Over the years, the time window became wider, in part, because accumulating data in the meta-analyses minimised the CIs that then crossed the “line of no effect” later. Whereas in an analysis of the NINDS data the “line of no effect” was already reached after 2.5 h [2], later meta-analyses including studies with broader inclusion criteria suggested time windows of 4.5 h in 2010 [3] and of 5.1 h in 2014 [4]. A similar effect can be observed for thrombectomy that seemed to be efficacious until 6.3 h first [5] and later until 7.3 h [6]. It is important to understand that the decreasing therapy benefit (for the patient population within the trials) is inversely related to the average increase in infarct volume (and thus shrinking amount of tissue and function that can be saved by the therapy). However, there are considerable interindividual differences in the actual course of ischemic core expansion. This leads to the issue of patient selection and its influence on the observations within the trials.

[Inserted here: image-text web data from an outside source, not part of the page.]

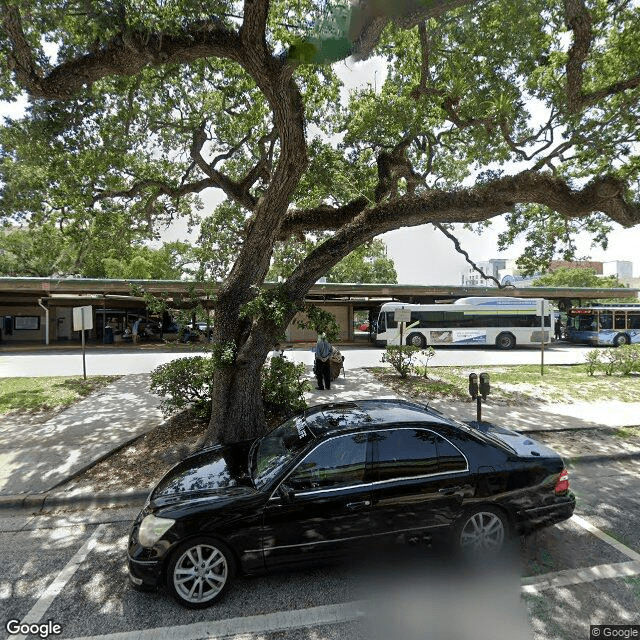 street view of Park Place of Dunedin Inc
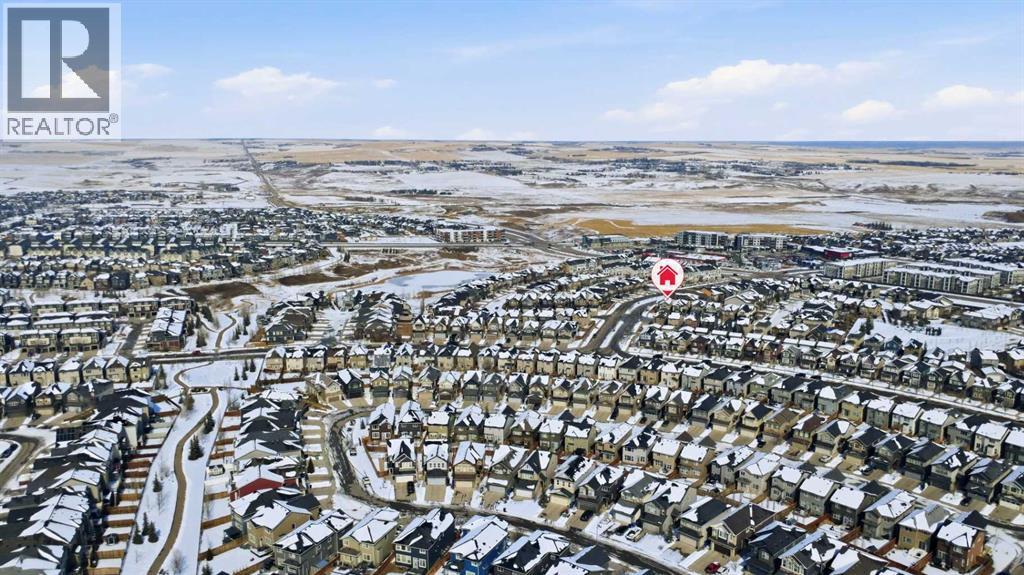 Single Family House for Sale in  Nolanfield Way NW Nolan Hill Calgary 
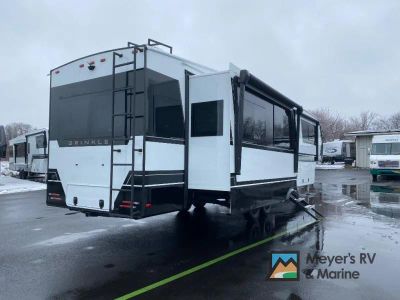 2026 Brinkley Model Z - Photo 5
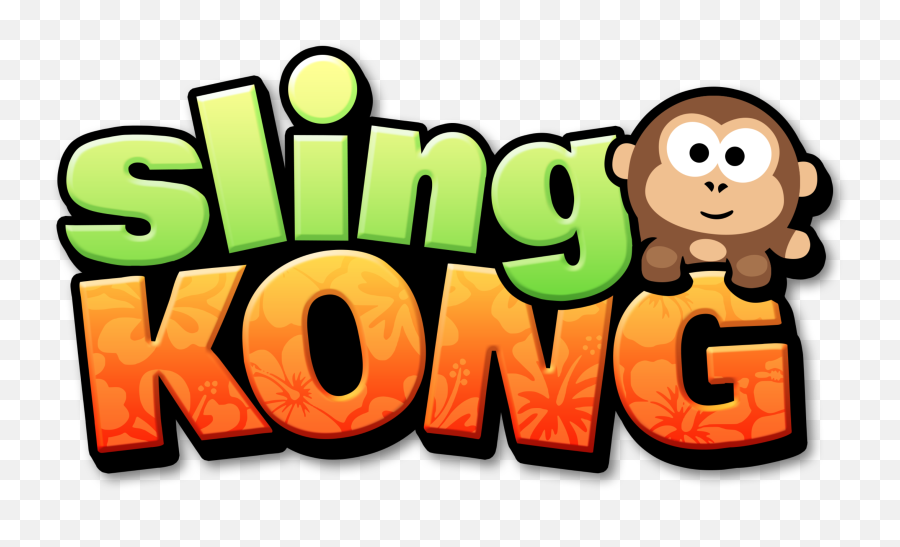 Sling Kong All Versions - Ios Gamehacks Ipahub Community Sling Kong Png,Kong Png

The REVASCAT authors reported a slightly disturbing observation in patients with small infarcts (ASPECTS 8–10) [7]: the adjusted odds ratio (OR) for a 30-min delay from symptom to imaging was 1.19 (range 0.75–1.88) and from imaging to revascularisation was 0.81 (range 0.50–1.30). If significant, this data would suggest that actually delaying imaging would be beneficial (sic) but then we need to hurry up once imaging is done. Similarly, in the patient-level meta-analysis of the recent thrombectomy trials [6], there was no interaction of the time from symptom onset to the emergency room and therapy effect. In contrast, there was an absolute poor outcome (mRS 3–6) risk increase for every hour delay between emergency room and reperfusion of 13.7% (8.6 to 18.2). Indeed, a hospital seems to be a very dangerous place. Based on the data, one could conclude that the transport duration to the hospital service does not matter but we need to start running as soon as the patient enters the hospital door. The missing time-is-brain effect prior to imaging or hospital admission in REVASCAT alone or in the meta-analysis contradicts everything we know about stroke. How do we explain this?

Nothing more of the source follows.